I also notice that if I now do a site:woofadvisor.com in Google I get 19 pages indexed rather than 2 I got a few days ago.
Apparently removing the ip redirection solved (or is solving) the indexation issue - but still this question remains marked as "unanswered"
rgds,
Dirk
-
I am in California right now, and can access the website just fine, which is why I didn't mark the question as answered - I don't think we have enough info yet. I think the 'fetch as googlebot' will help us resolve that.
You are correct that if there is no robots.txt then Google assumes the site is open, but my concern is that the developers on the team say that there IS a robots.txt file there and it has some contents. I have, on at least two occasions, come across a team that was serving a robots.txt that was only accessible to search bots (once they were doing that 'for security', another time because they mis-understood how it worked). That is why I suggested that Search Console is checked to see what shows up for robots.txt.
-
To be very honest - I am quite surprised that this question is still marked as "Unanswered".
The owners of the site decided to block access for all non UK / Ireland adresses. The main Googlebot is using a Californian ip address to visit the site. Hence - the only page Googlebot can see is https://www.woofadvisor.com/holding-page.php which has no links to the other parts of the site (this is confirmed by the webpagetest.org test with Californian ip address)
As Google indicates - Googlebot can also use other IP adresses to crawl the site ("With geo-distributed crawling, Googlebot can now use IP addresses that appear to come from other countries, such as Australia.") - however it's is very likely that these bots do not crawl with the same frequency/depth as the main bot (the article clearly indicates " Google might not crawl, index, or rank all of your locale-adaptive content. This is because the default IP addresses of the Googlebot crawler appear to be based in the USA).
This can easily be solved by adding a link on /holding-page.php to the Irish/UK version which contains the full content (accessible for all ip adresses) which can be followed to index the full site (so - only put the ip detection on the homepage - not on the other pages)
The fact that the robots.txt gives a 404 is not relevant: if no robots.txt is found Google assumes that the site can be indexed (check this link) - quote: "You only need a
robots.txt
file if your site includes content that you don't want Google or other search engines to index." -
I'd be concerned about the 404ing robots.txt file.
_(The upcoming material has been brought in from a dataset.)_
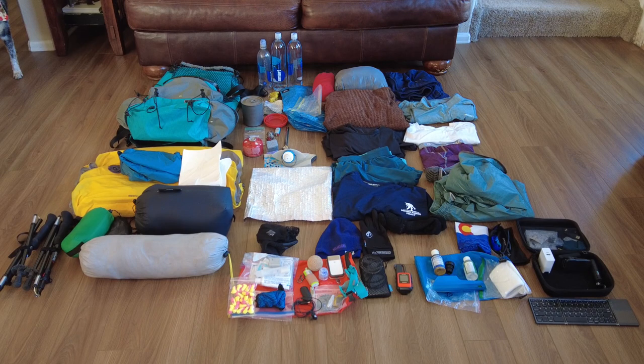I know it. You know it. Any hiker knows it. This is really the only type of video that we care about. We're going to talk about gear. Hey everybody. I figured it was time for me to do my gear layout video of what I'll be taking with me on my Appalachian Trail through hike starting March 20th.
You should check in Search Console:
-
What does Search Console show in the robots.txt section?
-
What happens if you fetch a page that is no indexed (e.g. https://www.woofadvisor.com/travel-tips.php) with the 'Fetch as Googlebot' tool?
I checked and do not see any obvious indicators of why the pages are not being indexed - we need more info.
-
-
I just did a quick check on your site with Webpagetest.org with California IP address http://www.webpagetest.org/result/150907_G1_TE9/ - as you can see here these IP's also go to the holding page - which is logically the only page which can be indexed as it's the only one Googlebot can access.
rgds,
Dirk
-
Hi,
I can't access your site in Belgium - I guess you are redirecting your users based on ip address. If , like me, they are not located in your target country they are 302 redirected to https://www.woofadvisor.com/holding-page.php and there is only 1 page that is indexed.
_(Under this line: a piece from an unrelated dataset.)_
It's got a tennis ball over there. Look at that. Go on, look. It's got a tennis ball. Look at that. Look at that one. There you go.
Not sure which country you are actually targeting - but could it be that you're accidentally redirecting Google bot as well?
Check also this article from Google on ip based targeting.
rgds
Dirk
-
Strangely, there are two pages indexed on Google Search.
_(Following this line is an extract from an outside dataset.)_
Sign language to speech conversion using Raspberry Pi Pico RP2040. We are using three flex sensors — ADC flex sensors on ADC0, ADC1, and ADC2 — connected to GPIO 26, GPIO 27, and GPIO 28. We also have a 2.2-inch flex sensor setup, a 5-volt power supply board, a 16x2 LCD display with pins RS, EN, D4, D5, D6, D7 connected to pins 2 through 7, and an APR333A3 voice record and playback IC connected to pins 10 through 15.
The homepage and one other
-
I noticed the robots.txt file returned a 404 and asked the developers to take a look and they said the content of it is fine.
Sometimes developers say this stuff. If you are getting a 404, demonstrate it to them.
-
I noticed the robots.txt file returned a 404 and asked the developers to take a look and they said the content of it is fine.
But yes, I'll doublecheck the WordPress settings now.
-
Your sitemap all looked good, but when I tried to view the robots.txt file in your root, it returned a 404 and so was unable to determine if there was an issue. Could any of your settings in your WordPress installation also be causing it to trip over.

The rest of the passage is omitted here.